I recently agreed to review a new book by Thomas Block, titled Shalom/Salaam: A Story of Mystical Fraternity.   When the publisher excitedly pressed the book into my hands, I simply couldn’t refuse. Knowing the limitations of my organizational skills, I requested a deadline and was given six weeks.  Now, sitting at my desk, I am faced with the daunting task of reading the book and writing the review.  My mind wanders while I procrastinate: When did I become a girl who can’t say no?
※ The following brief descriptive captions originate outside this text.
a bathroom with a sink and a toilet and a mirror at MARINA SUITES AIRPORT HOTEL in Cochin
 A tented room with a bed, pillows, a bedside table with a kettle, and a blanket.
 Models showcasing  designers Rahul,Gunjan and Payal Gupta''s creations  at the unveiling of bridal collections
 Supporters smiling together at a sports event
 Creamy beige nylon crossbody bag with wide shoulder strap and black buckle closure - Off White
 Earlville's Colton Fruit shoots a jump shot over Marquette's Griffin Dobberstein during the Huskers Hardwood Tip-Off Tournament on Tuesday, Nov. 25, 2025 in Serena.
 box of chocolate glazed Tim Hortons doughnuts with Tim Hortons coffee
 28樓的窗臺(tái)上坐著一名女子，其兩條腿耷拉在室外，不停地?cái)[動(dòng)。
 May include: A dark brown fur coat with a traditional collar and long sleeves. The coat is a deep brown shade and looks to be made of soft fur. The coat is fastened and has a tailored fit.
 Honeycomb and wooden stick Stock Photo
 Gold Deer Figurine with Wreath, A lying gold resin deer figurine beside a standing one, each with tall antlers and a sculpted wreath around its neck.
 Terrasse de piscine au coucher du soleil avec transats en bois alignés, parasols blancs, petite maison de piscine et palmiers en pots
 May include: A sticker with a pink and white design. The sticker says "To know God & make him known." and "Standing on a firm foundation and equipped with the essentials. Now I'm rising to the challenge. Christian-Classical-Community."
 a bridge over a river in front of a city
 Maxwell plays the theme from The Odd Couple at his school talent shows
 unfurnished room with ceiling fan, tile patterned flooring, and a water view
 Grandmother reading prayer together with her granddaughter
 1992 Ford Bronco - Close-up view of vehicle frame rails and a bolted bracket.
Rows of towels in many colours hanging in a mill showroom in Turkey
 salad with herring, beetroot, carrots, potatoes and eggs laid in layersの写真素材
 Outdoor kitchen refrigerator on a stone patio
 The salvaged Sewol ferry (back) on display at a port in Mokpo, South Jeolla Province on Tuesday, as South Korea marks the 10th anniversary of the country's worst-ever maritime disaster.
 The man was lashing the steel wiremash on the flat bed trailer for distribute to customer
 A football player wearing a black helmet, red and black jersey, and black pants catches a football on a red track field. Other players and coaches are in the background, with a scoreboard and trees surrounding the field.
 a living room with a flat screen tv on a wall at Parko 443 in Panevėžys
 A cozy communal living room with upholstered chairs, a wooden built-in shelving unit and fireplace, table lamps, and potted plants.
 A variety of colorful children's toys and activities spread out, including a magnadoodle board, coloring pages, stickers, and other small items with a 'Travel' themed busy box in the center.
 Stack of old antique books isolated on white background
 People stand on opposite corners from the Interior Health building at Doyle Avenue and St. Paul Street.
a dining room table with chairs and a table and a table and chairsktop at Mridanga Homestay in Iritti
The truth is that I think I may be turning into a softy. Not just a bleeding-heart liberal; but a softhearted, peace-loving, idealistic, naive sap.  At first I considered not writing these words and posting them publicly, because I fear that they evoke a caricature rather than a clear picture of my character.  But as fall breezes give way to winter winds, I am warmed by the thought of revealing myself.  I have been waiting– counting to ten– deciding whether to share these thoughts since September.
In early September 2001, I was happily living in the moment.  I was pregnant with my third child, and although I was still nursing the wounds inflicted by the 2000 Electoral College, I was guardedly optimistic about the future.  Now I am warily living for the future, dreaming of where I will be in September 2011.  I hope to be praying at an interfaith gathering to honor the memories of those who perished on 9/11.  Not because I am a sap who believes that all God’s children must live together in peace.  Rather, because I am a person of faith — faith in God and faith in humanity– who believes that we must learn to heal our broken selves by working together to live in peace.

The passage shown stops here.